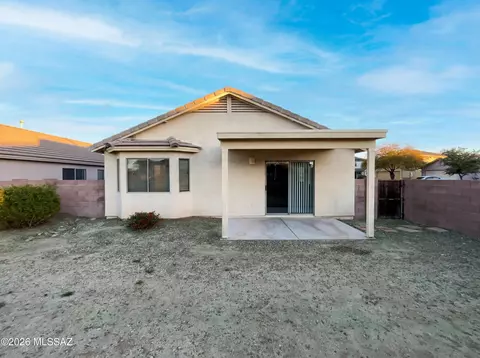 Other - 9986 E Apache Rain Dr, Tucson, AZ 85748 photo 1 of 1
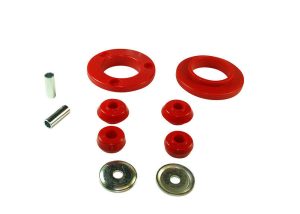 Nolathane 44028 Strut Mount Bushing FOR NISSAN PATHFINDER R51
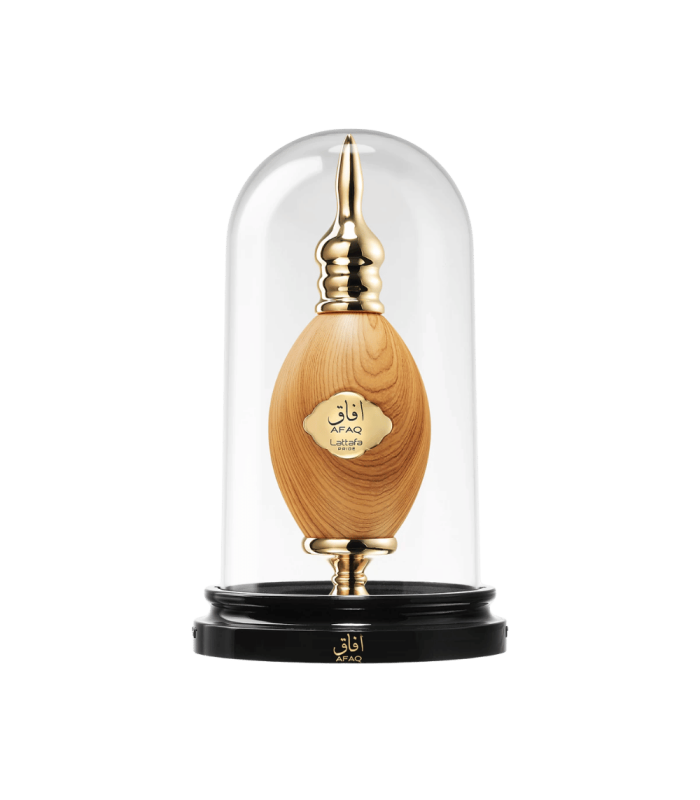 AFAQ PRIDE - eau de parfum 100 ml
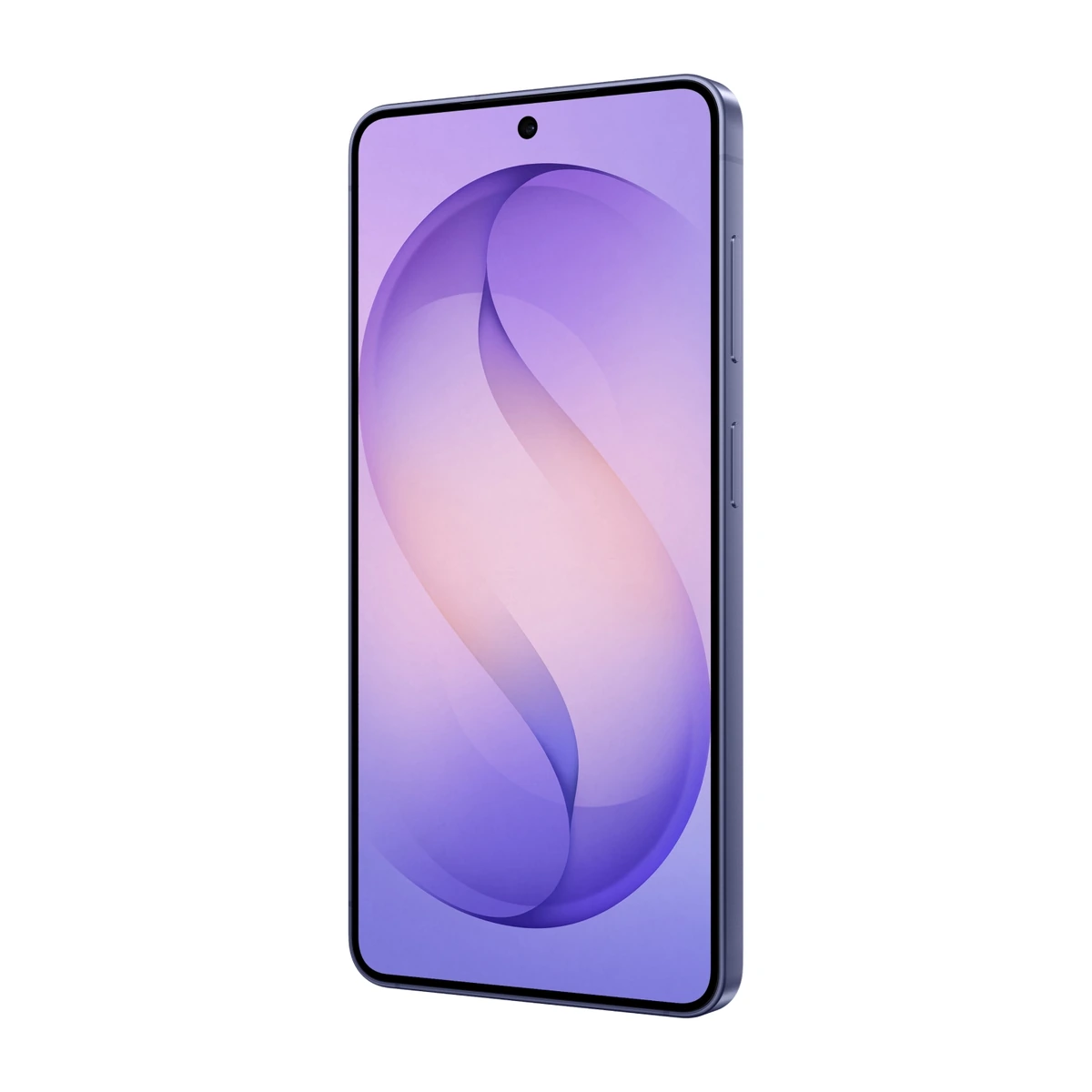 Galaxy S26 256 ГБ Cobalt Violet, фото 4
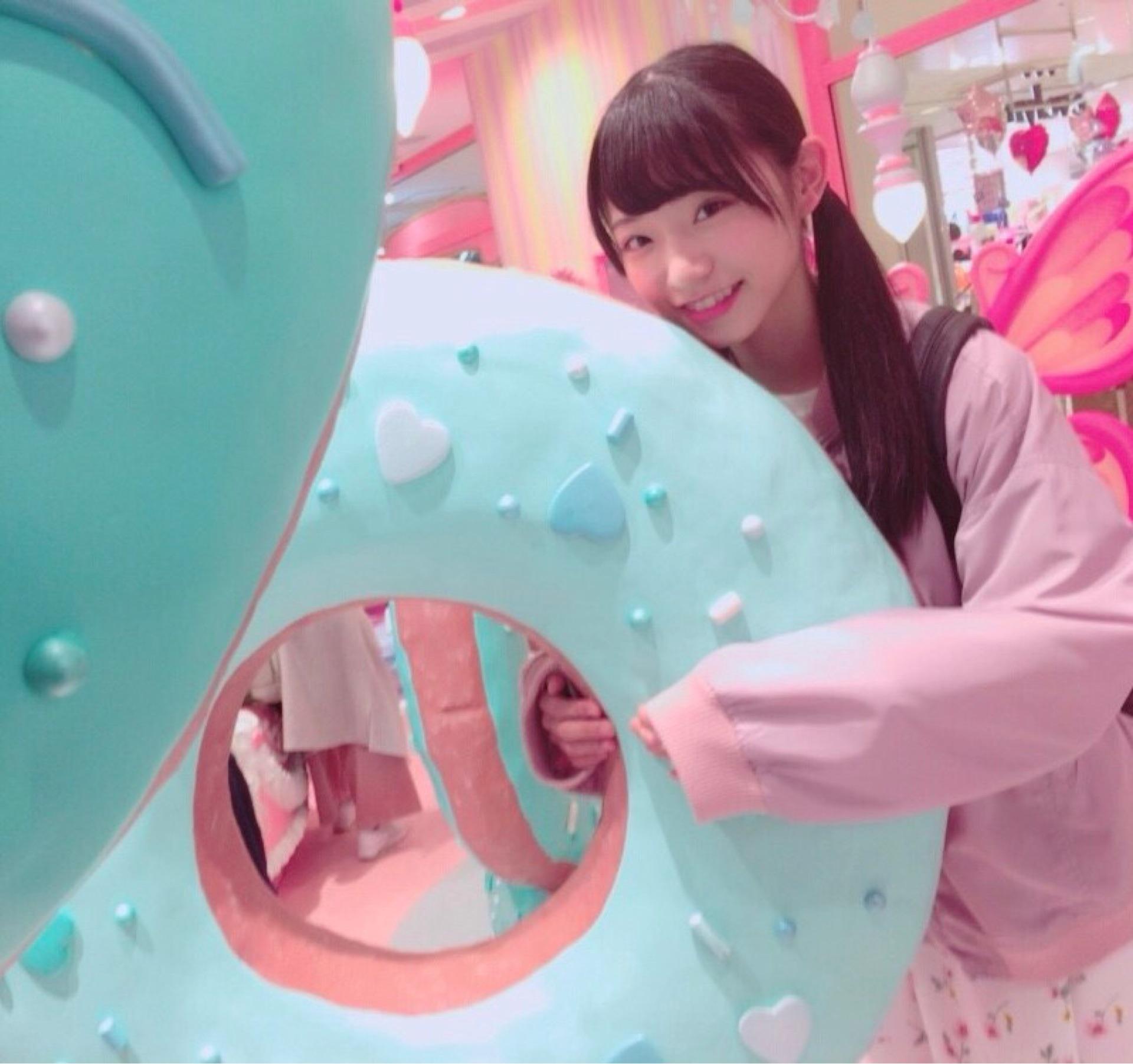 AKB48~Google+2422 	YouTube>13{ ->摜>701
⁂
The task —
From the line holding "Galaxy S26 256 ГБ Cobalt Violet, фото 4" to the final line of the data above, give each line again exactly, both ends included, and drop the pictures.

Response for this exercise —
 Galaxy S26 256 ГБ Cobalt Violet, фото 4
 AKB48~Google+2422 	YouTube>13{ ->摜>701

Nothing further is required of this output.